Commemorating WWI’s Fallen Soldiers: An Interview with Jay Winter

Jay Winter is the Charles J. Stille Professor of History at Yale University. He has written or co-written a dozen books, including Rene Cassin et les droits de l’homme, co-authored with Antoine Prost, and The Great War in European Cultural History; he co-produced, co-wrote, and was the chief historian for the PBS Series, “The Great War and the Shaping of the 20th Century.” His interests include the remembrance of the Great War in the 20th century, the Armenian genocide, and British popular culture during the era of the Great War. On September 29, 2014, The Atlantic published a piece written by Winter, “How the Great War Shaped the World.” To celebrate Remembrance Day, The Politic sat down with Professor Winter to ask some follow-up questions to his Atlantic piece.

The Politic: Why do you think it’s important to commemorate this war around the world, and why does commemoration not feature prominently in American culture?

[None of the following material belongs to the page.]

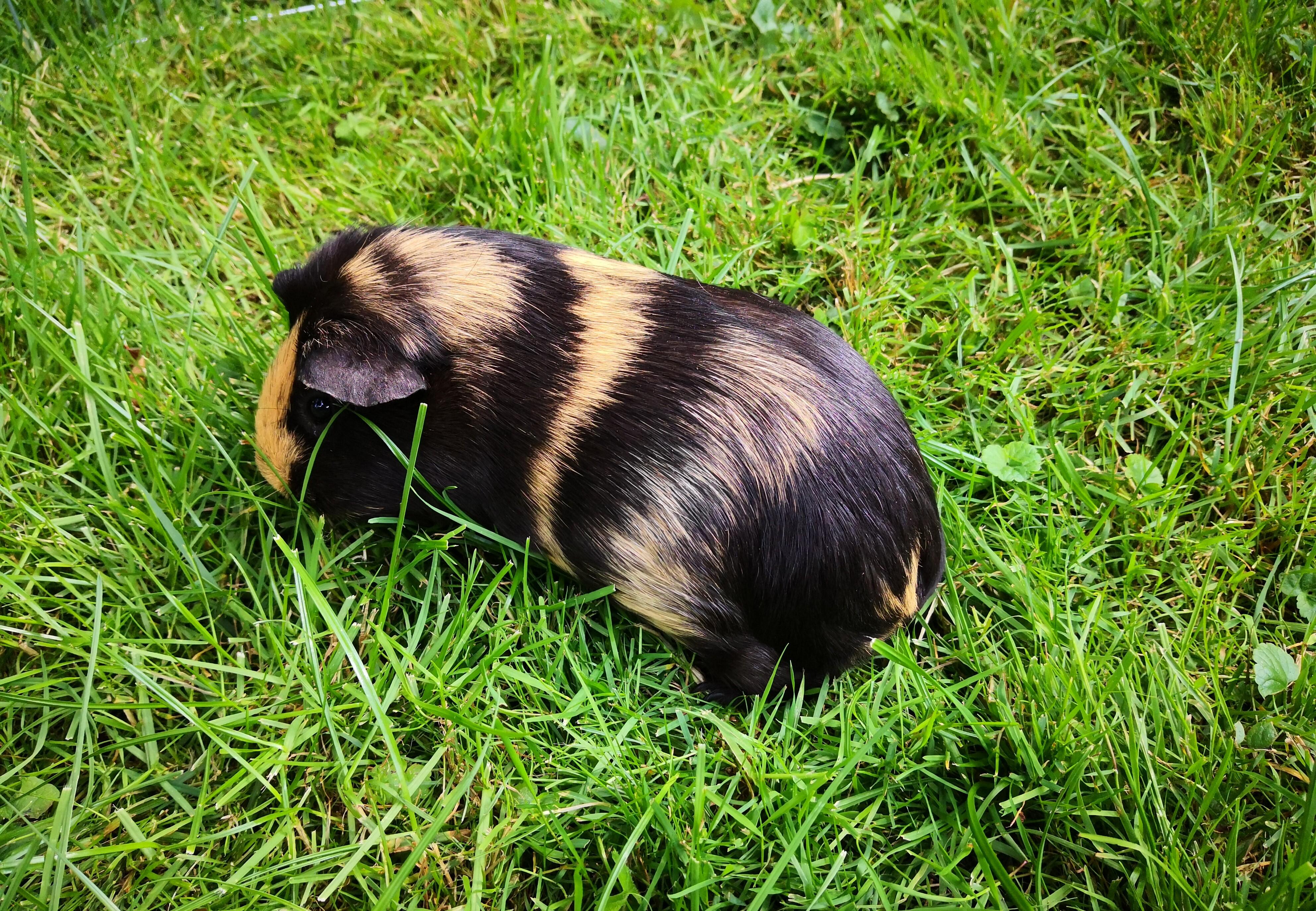 best place to buy guinea pigs near me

The commemoration of the First World War is the moment when the shock of mass death arrived to most, if not all, of the combatant countries. America didn’t suffer the mass death that was visited upon Britain or France or Germany or Russia or Turkey or Serbia or Austria-Hungary. The U.S. suffered a bloody nose, whereas these countries suffered a deep wound that has, to a degree, never healed.

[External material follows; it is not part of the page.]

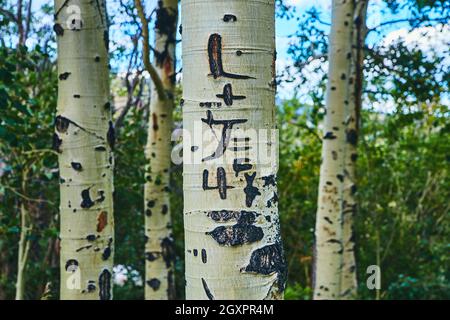 Détail de la sculpture en écorce d'Aspen Tree Banque D'Images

Hence in all countries, including this one, the absence of ten million men is the centerpiece of commemoration. It’s about the lost generation. The American lost generation was small, and therefore not inscribed in family history in the same way as it was elsewhere – so commemoration is less central a social ritual of national identity than it is in Britain, for instance, or in France. And now even in Germany, now that the shadow of World War II has been lifted.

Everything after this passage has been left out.